Italy's far-right agriculture minister on Thursday said his government would not ratify an EU-Canada free trade deal, claiming it does not protect his country's farmers.
The European Union and Canada formally signed the Comprehensive Economic and Trade Agreement (CETA) in October 2016, at a time when anti-globalisation sentiment was on the rise in Europe.
The accord, which has yet to be ratified, eliminates 98 percent of tariffs between the EU and Canada.
Opponents to the accord from around Europe see it as a danger to health, democracy and the rule of law.
Farmers in Italy protested in 2017, demanding that the government refuse to ratify the pact.
CETA's supporters, however, see it as an extension of the global trade system that faces a threat from protectionist US President Donald Trump.

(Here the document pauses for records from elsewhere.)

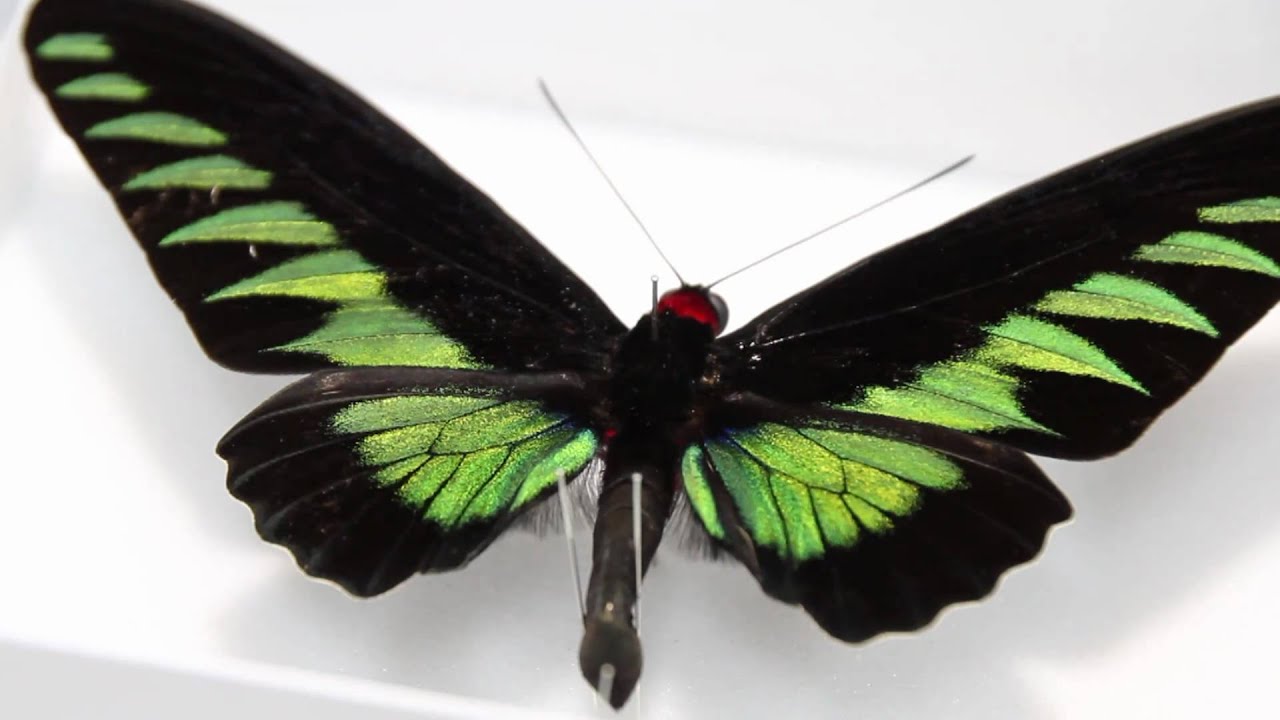 アカエリトリバネアゲハ , 蝶の標本 販売・通販のNatureShop|モルフォ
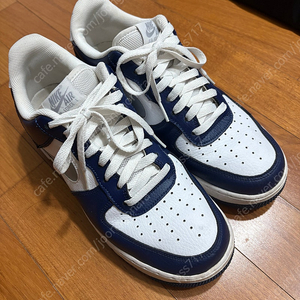 나이키 에어포스1 네이비 270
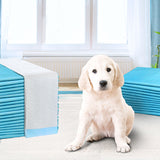 400pcs Puppy Dog Pet Training Pads Cat Toilet 60 x 60cm Super Absorbent Indoor Disposable - Pet And Farm 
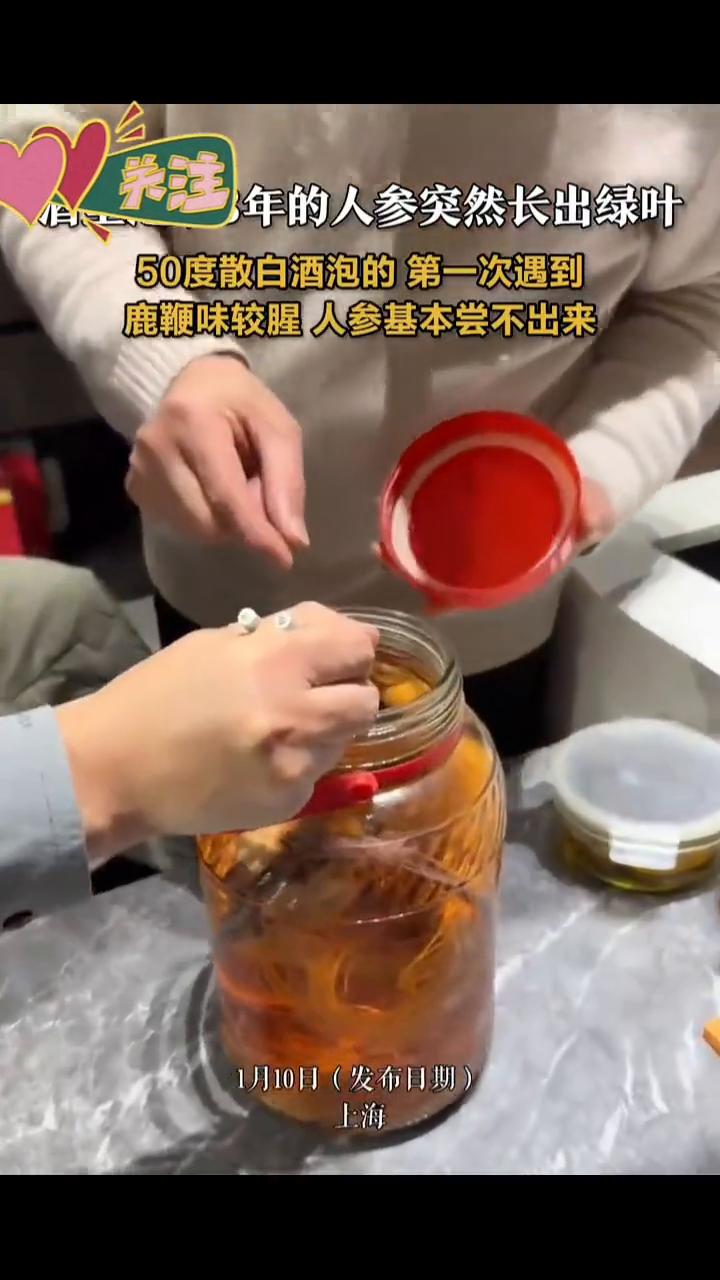 酒里泡了3年的人参突然长出绿叶，50度散白酒泡的第一次遇到，鹿鞭味较腥，人参基本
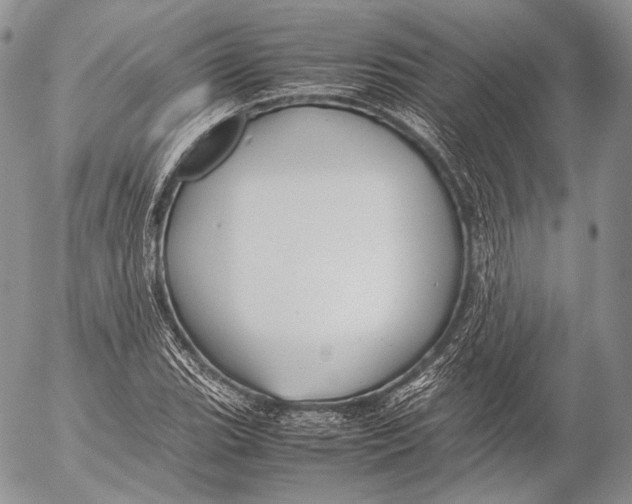 X0000053051119200508081121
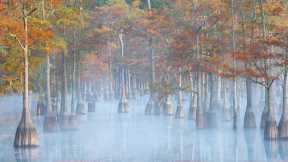 Cypress trees in George L. Smith State Park, Georgia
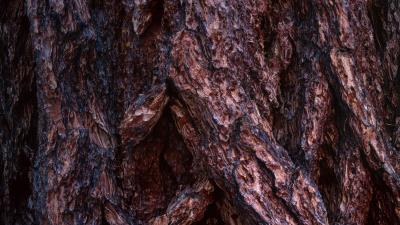 Bark wood surface 4k wallpaper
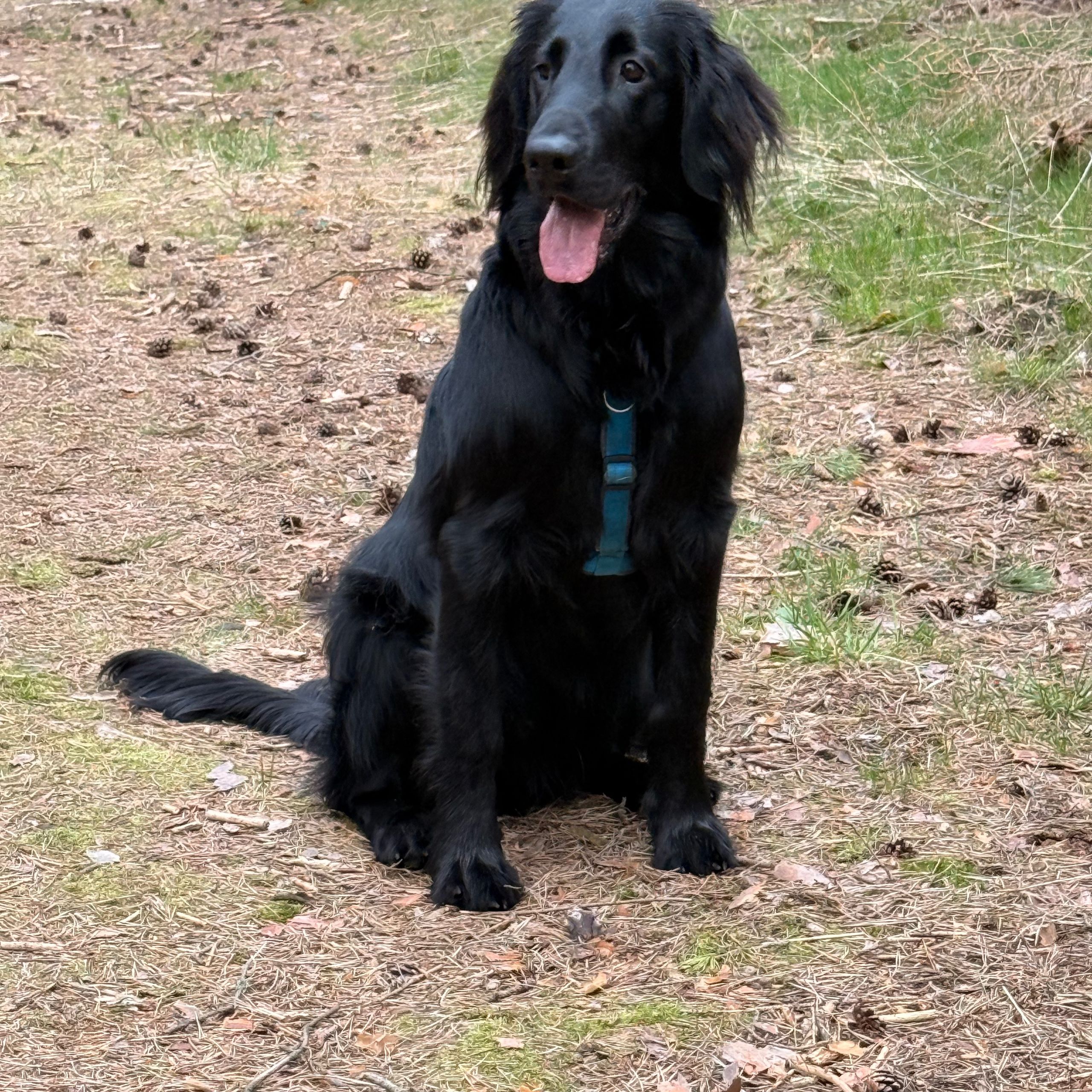Soutěžní fotografie - Blesk,  Flat Coated Retriever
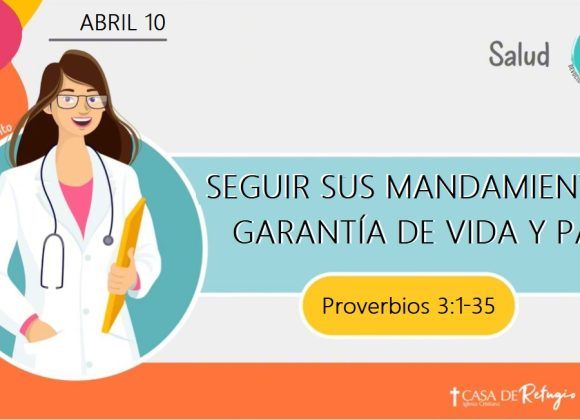 Seguir sus Mandamientos: garantía de vida y paz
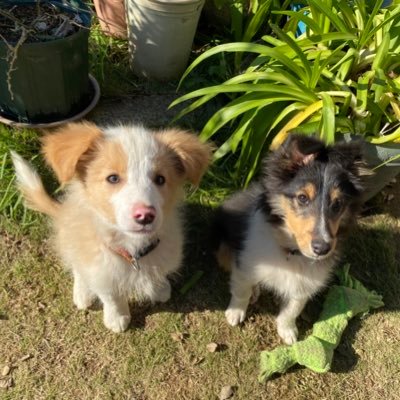 シェルティ🐶クッキー（2019.07.17〜）とボーダーコリー🐶ミルキー（2019.09.15〜）の日常🏠 🌈シェルティ🐶ナンキー ボーダーコリー🐶リッキー🌈 シェルティ、ボーダーコリーを見かけると無言フォローしちゃいます😢💘すみません🥺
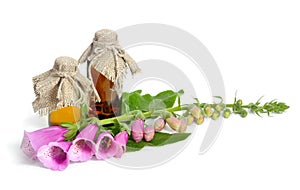 Purple foxglove with pharmaceutical bottle.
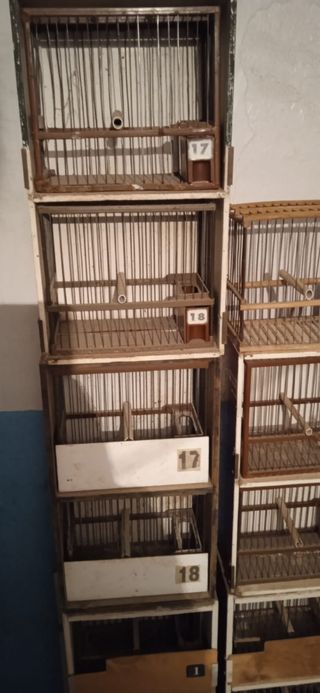 Jaulas de pajaros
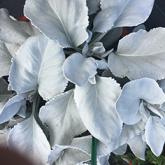 SENECIO candicans Angel Wings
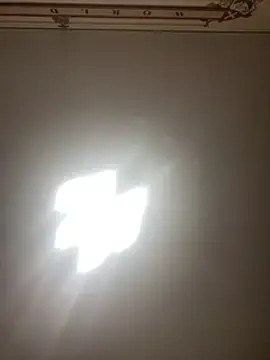 Stripchat Sex Cam for Janet_Welder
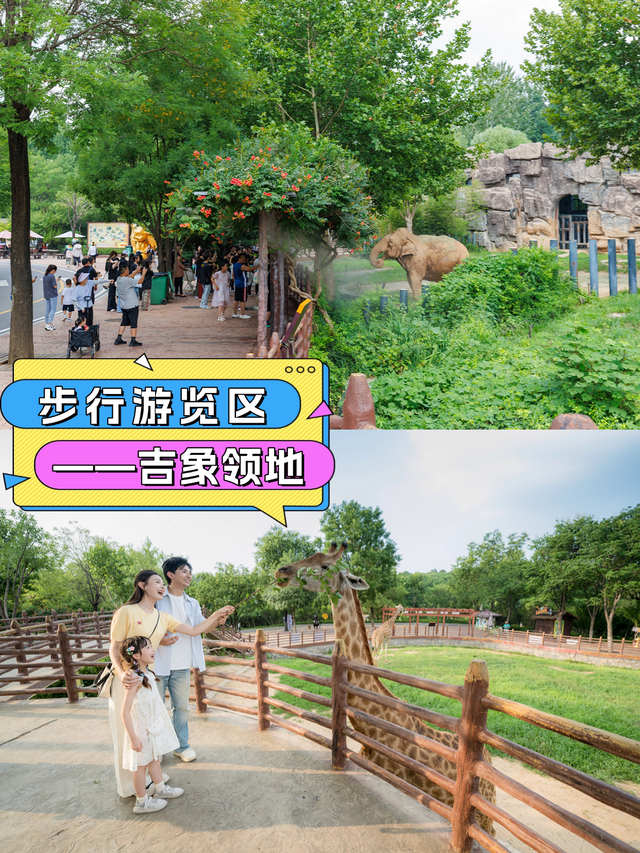 济野大放价！9月去太划算了，打卡攻略让你不错过每一处精彩！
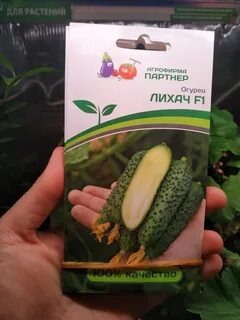 Семена сулейман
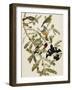 Rose-Breasted Grosbeak (Pheuticus Ludovicianus), Plate Cxxvii, from 'The Birds of America'-John James Audubon-Framed Giclee Print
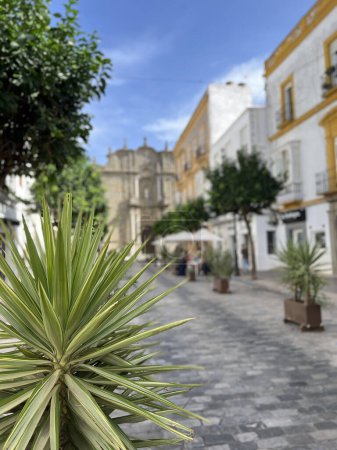 Foto de Calle hacia la Iglesia de San Mateo Apostol en Tarifa, Cádiz - Imagen libre de derechos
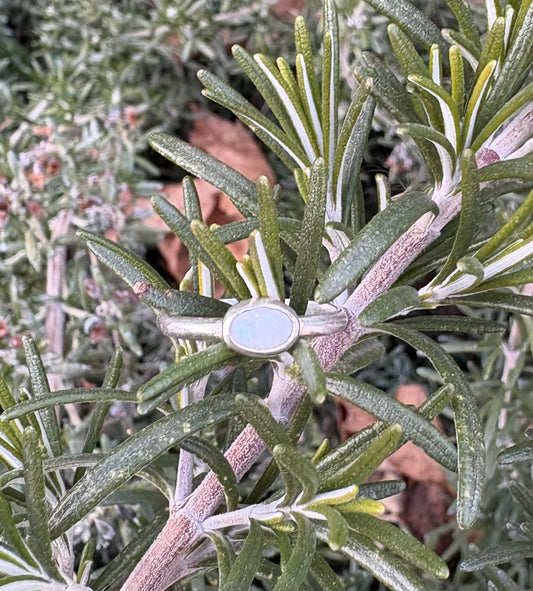 Small Opal Ring (Size 5)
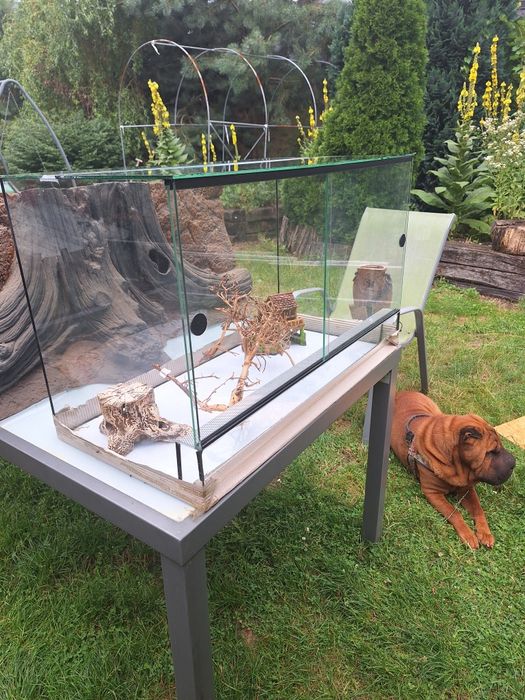 Terrarium 80x40x50 nowe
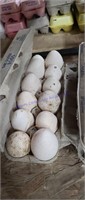 12 Fertile Mixed Heritage Breed Turkey Eggs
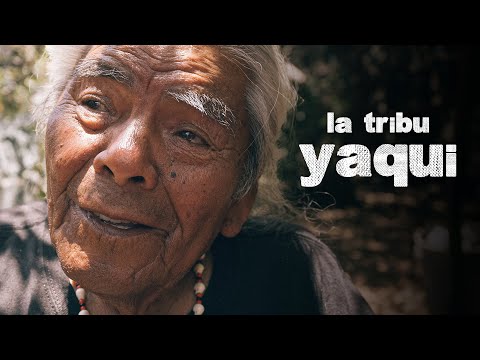 LA TRIBU YAQUI | Tata Kachora (Don Juan Matus de Carlos Castaneda)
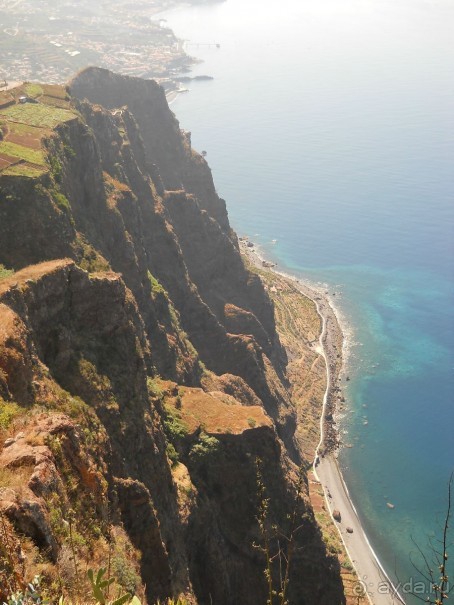 В объятиях Гольфстрима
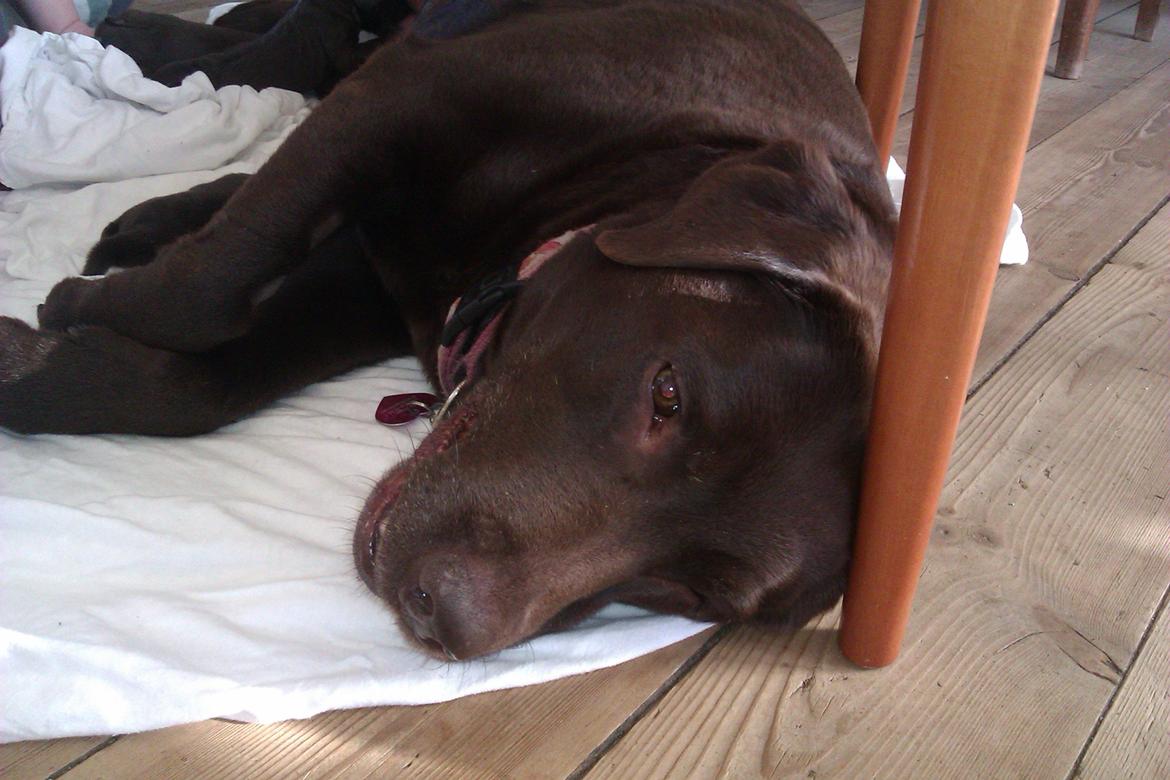 Labrador retriever Fanny billede 15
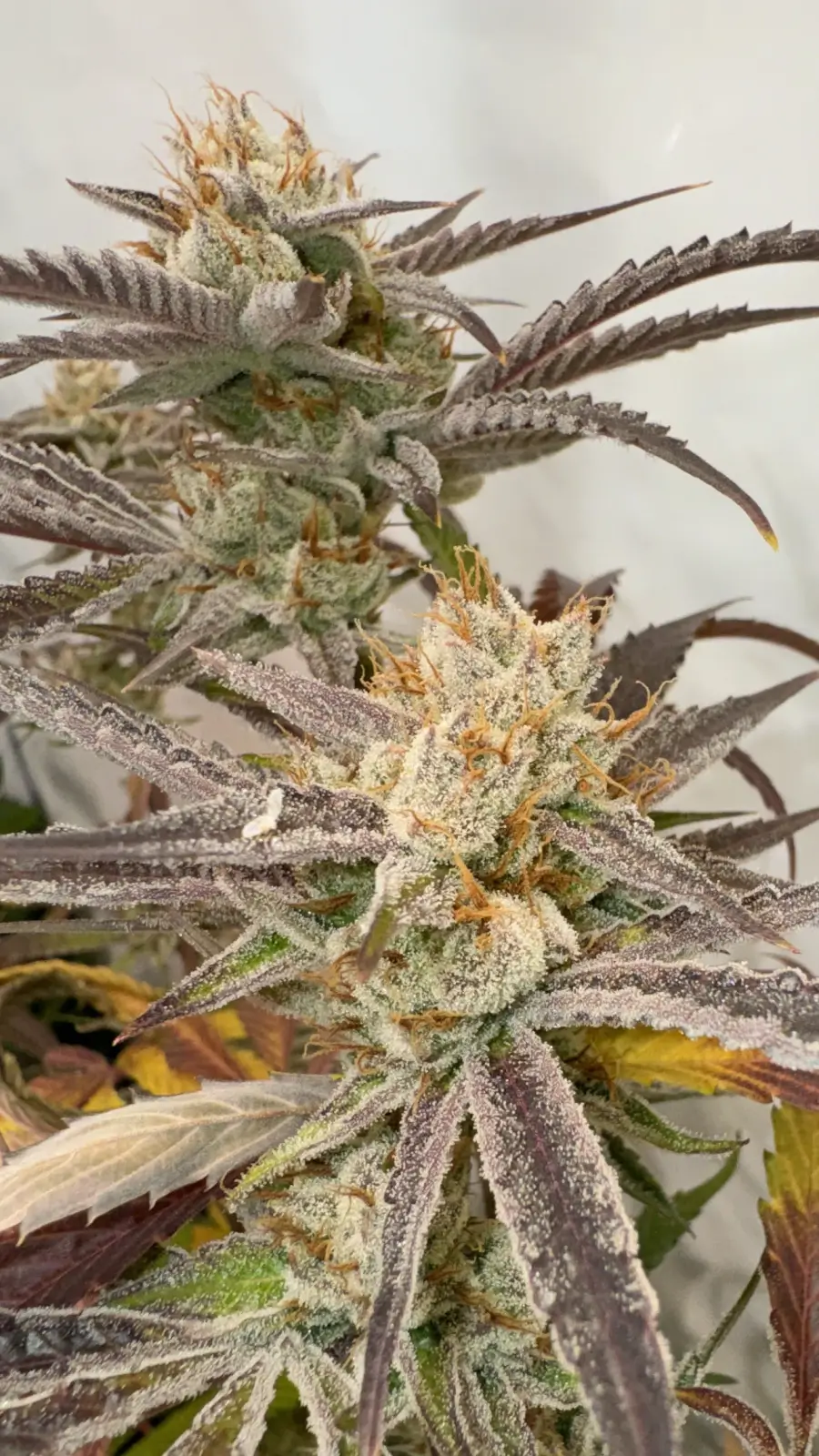 Pink Crumble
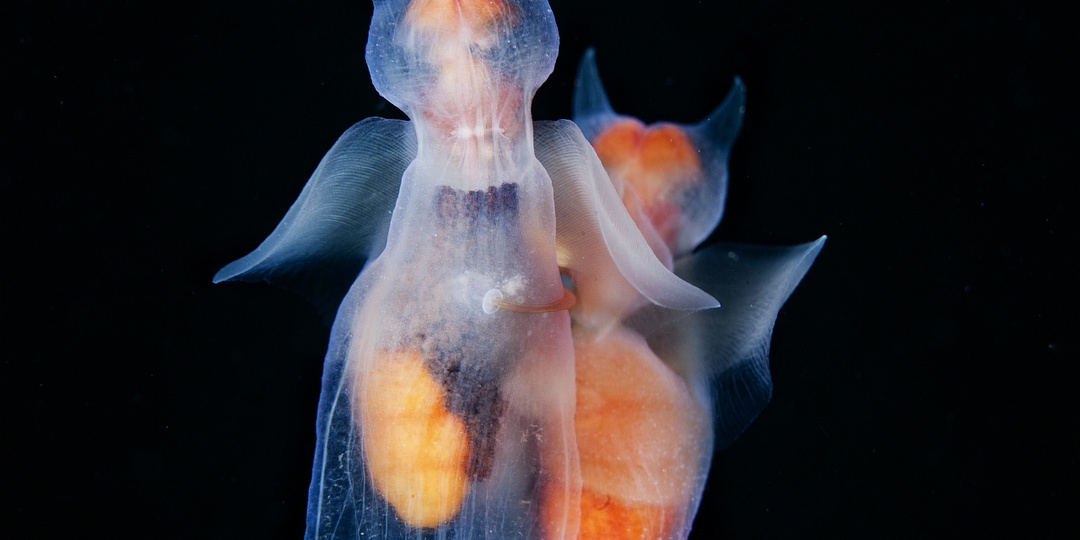 Ангел из ледяной бездны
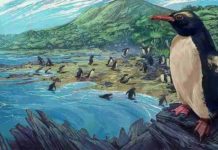 Newly-described fossils reveal an ancient origin for New Zealand penguins The dawn crested penguin Eudyptes atatu in New Zealand, three million years ago. Image by Simone Giovanardi. Permission for use of the image for a press release is granted by the artist. Credit: Massey University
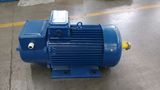 Electric Motor/ Hoisting Motor/ Crane Motor/ AC Motor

The global system has also come under attack from eurosceptics and anti-establishment parties like those swept to power in Italy in a March vote.
In an interview published in Italian daily La Stampa on Thursday, Agriculture Minister Gian Marco Centinaio said: "We will not ratify the free-trade agreement with Canada because it only protects a small part of our protected designation of origin (PDO) and protected geographical indication (PGI) produce."
He added: "We will ask parliament not to ratify this treaty or others similar to CETA."
Centinaio said the decision was covered in the joint government contract published by the populist coalition government made up of the anti-establishment Five Star Movement and the far-right League
Centinaio, a League member, said that his decision did not reflect just the nationalist position of his party, but that "doubts over this agreement are common among my European colleagues".